:: REQUIRED WORK ::
The response should repeat word for word every line below from the one with "Kotak Bento Kayu" to the one with "Les trois cyprès.", inclusive, and nothing else; leave pictures out.

:: SUPPLIED MATERIAL ::
:::::
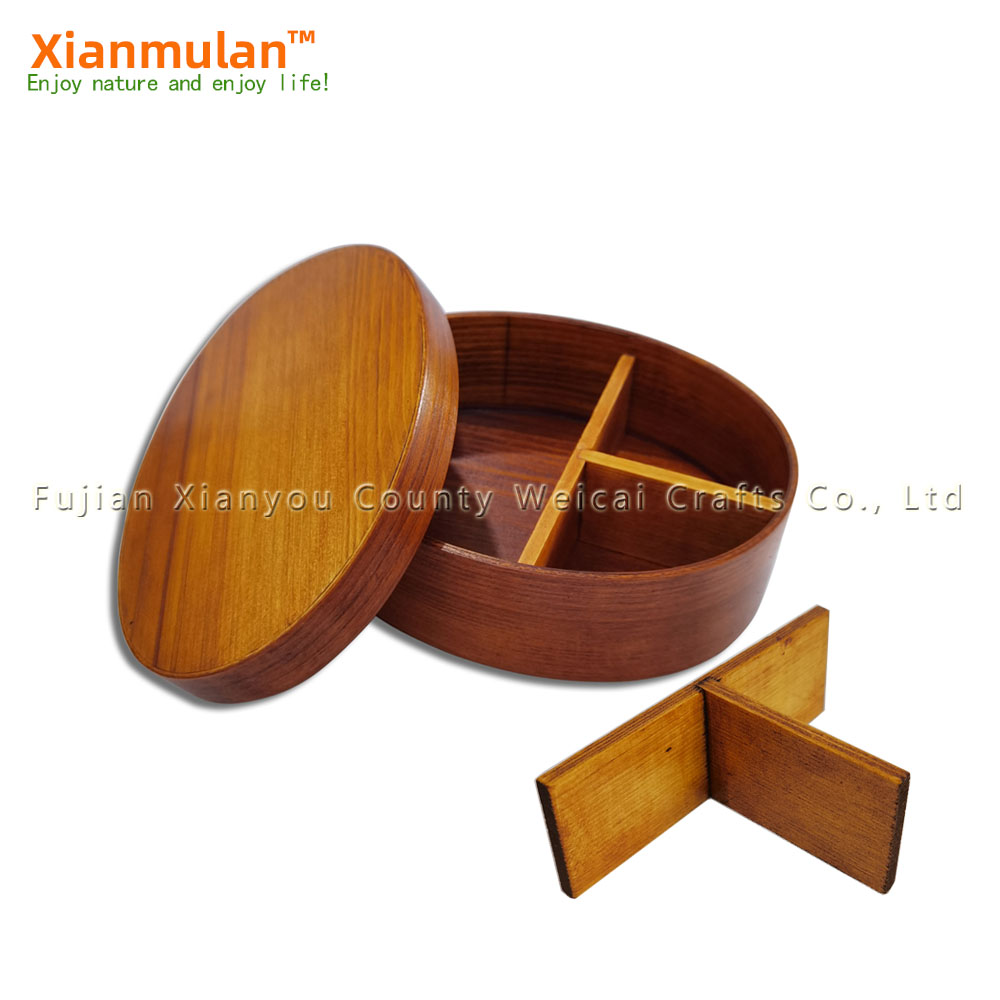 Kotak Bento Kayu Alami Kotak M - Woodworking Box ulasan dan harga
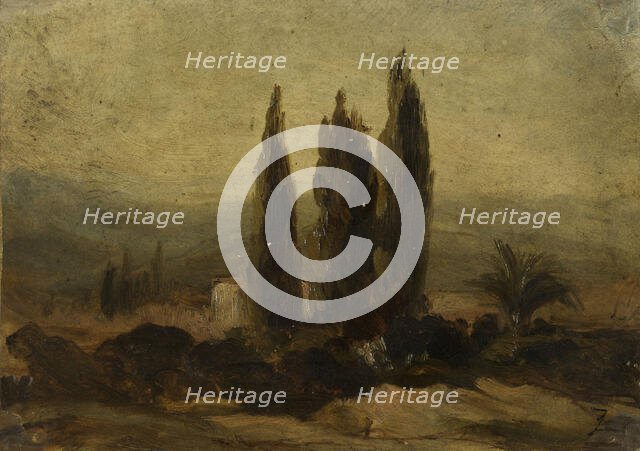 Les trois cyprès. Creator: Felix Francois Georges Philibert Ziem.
:::::
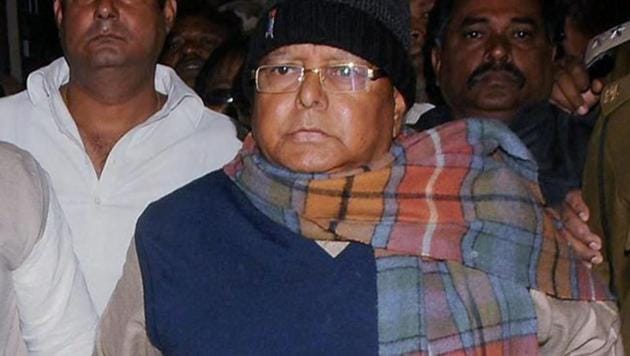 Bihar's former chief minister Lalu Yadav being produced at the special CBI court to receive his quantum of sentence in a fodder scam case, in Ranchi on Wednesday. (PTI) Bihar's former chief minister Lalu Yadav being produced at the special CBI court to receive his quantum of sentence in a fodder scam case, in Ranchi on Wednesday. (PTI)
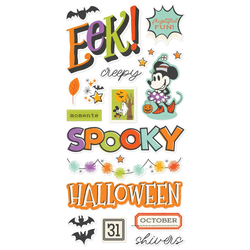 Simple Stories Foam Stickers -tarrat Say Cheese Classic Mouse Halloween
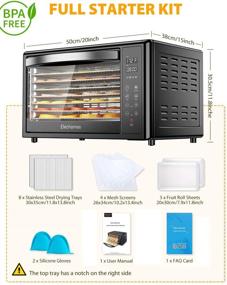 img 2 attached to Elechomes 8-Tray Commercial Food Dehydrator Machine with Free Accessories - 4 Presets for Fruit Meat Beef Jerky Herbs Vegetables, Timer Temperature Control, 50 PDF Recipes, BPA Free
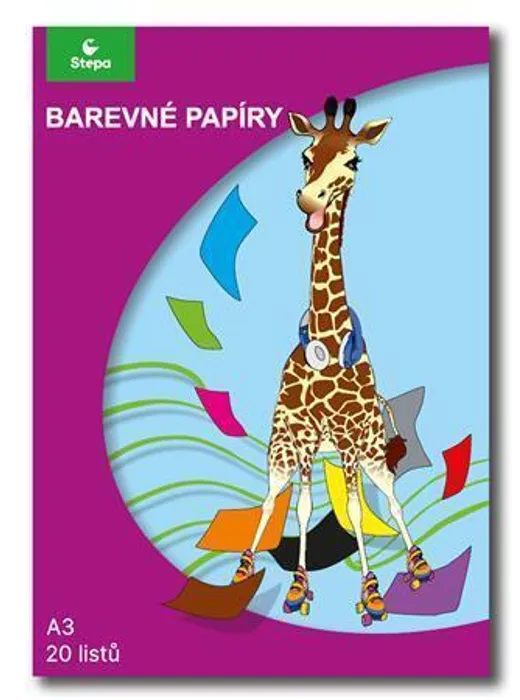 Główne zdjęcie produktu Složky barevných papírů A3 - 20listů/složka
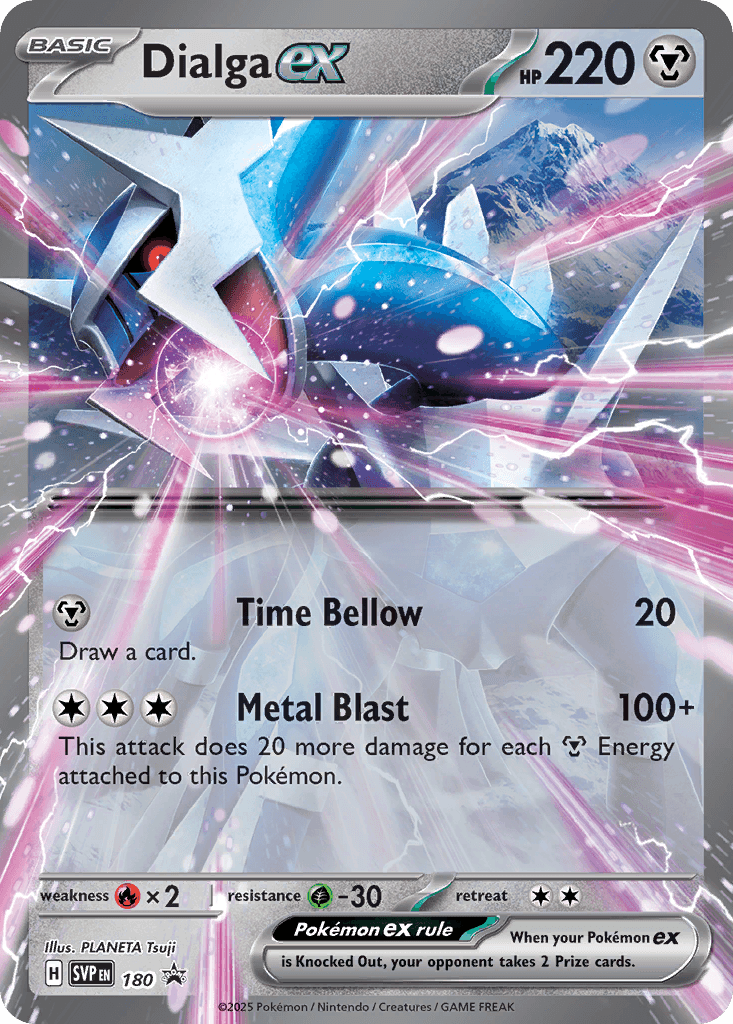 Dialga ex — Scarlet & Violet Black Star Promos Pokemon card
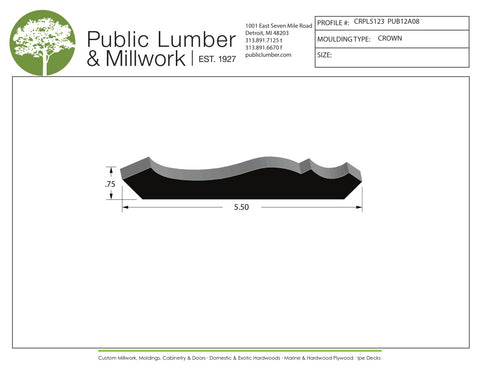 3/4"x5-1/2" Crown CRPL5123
:::::
:: EXERCISE RESPONSE ::
 Kotak Bento Kayu Alami Kotak M - Woodworking Box ulasan dan harga
 Les trois cyprès. Creator: Felix Francois Georges Philibert Ziem.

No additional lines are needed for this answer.